▶ EXERCISE DATA
┌──
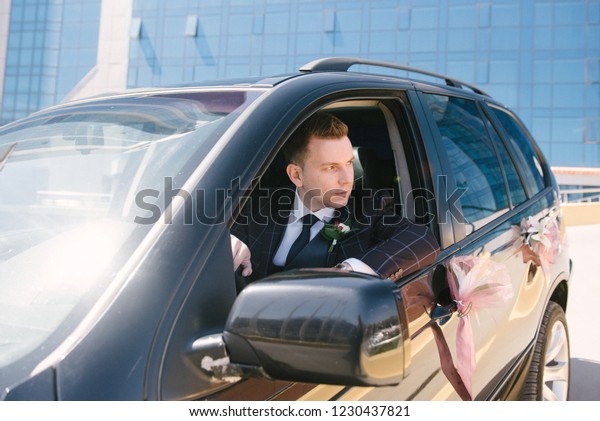 A man\
in a suit sits behind the wheel of a black\
car.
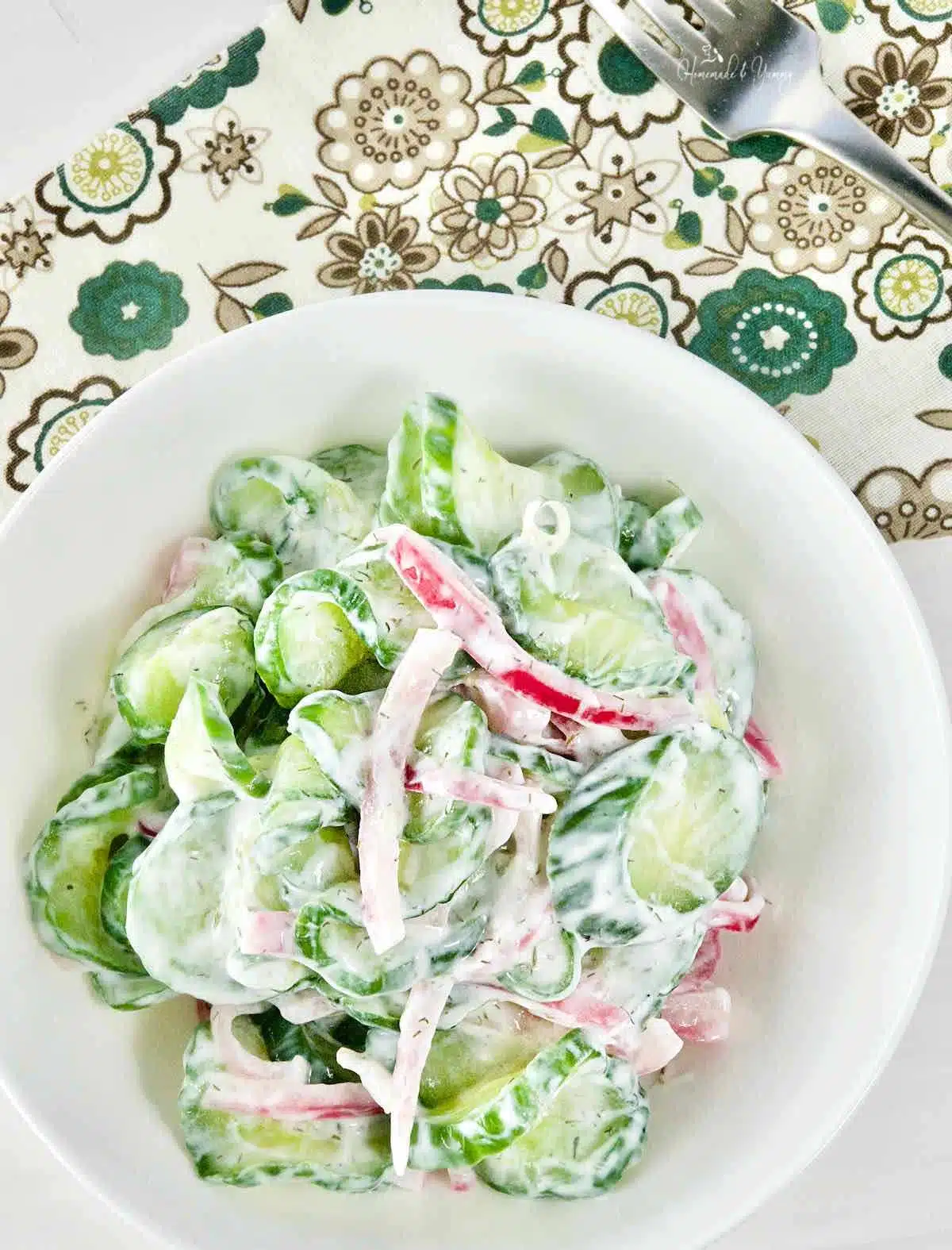 Old fashioned simple salad with cucumbers, pickled onions and sour cream.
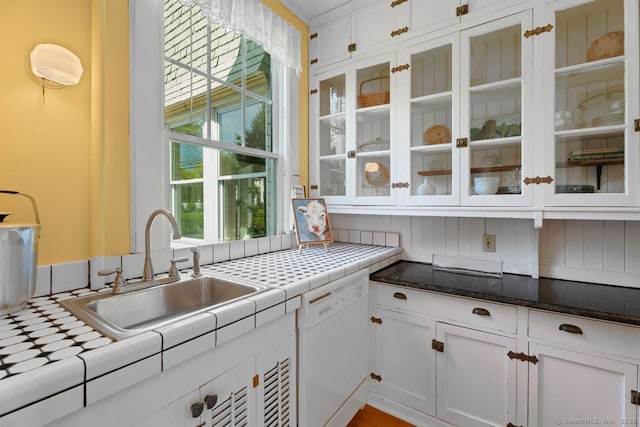 86 Tyler Ave, Groton, CT 06340 - kitchen with white dishwasher, white cabinets, a sink, and glass insert cabinets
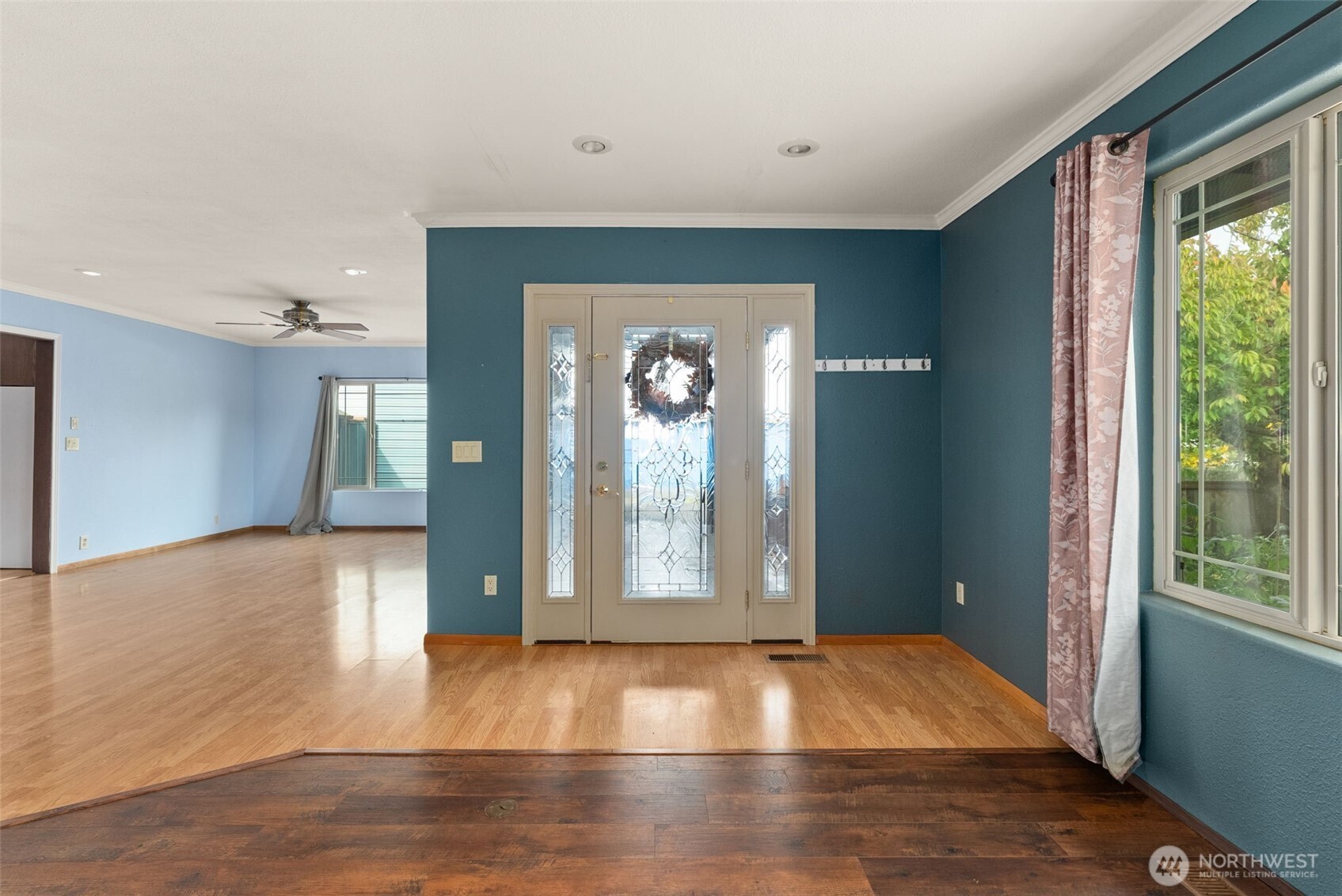 998 SR 6 Raymond, WA 98577 - Photo 6 of 38 a view of an empty room with window and wooden floor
└──
▶ PROBLEM DESCRIPTION
When copying the entries, drop the images and keep every line exact.

▶ TASK RESULT
 A man\
in a suit sits behind the wheel of a black\
car.
 Old fashioned simple salad with cucumbers, pickled onions and sour cream.
 86 Tyler Ave, Groton, CT 06340 - kitchen with white dishwasher, white cabinets, a sink, and glass insert cabinets
 998 SR 6 Raymond, WA 98577 - Photo 6 of 38 a view of an empty room with window and wooden floor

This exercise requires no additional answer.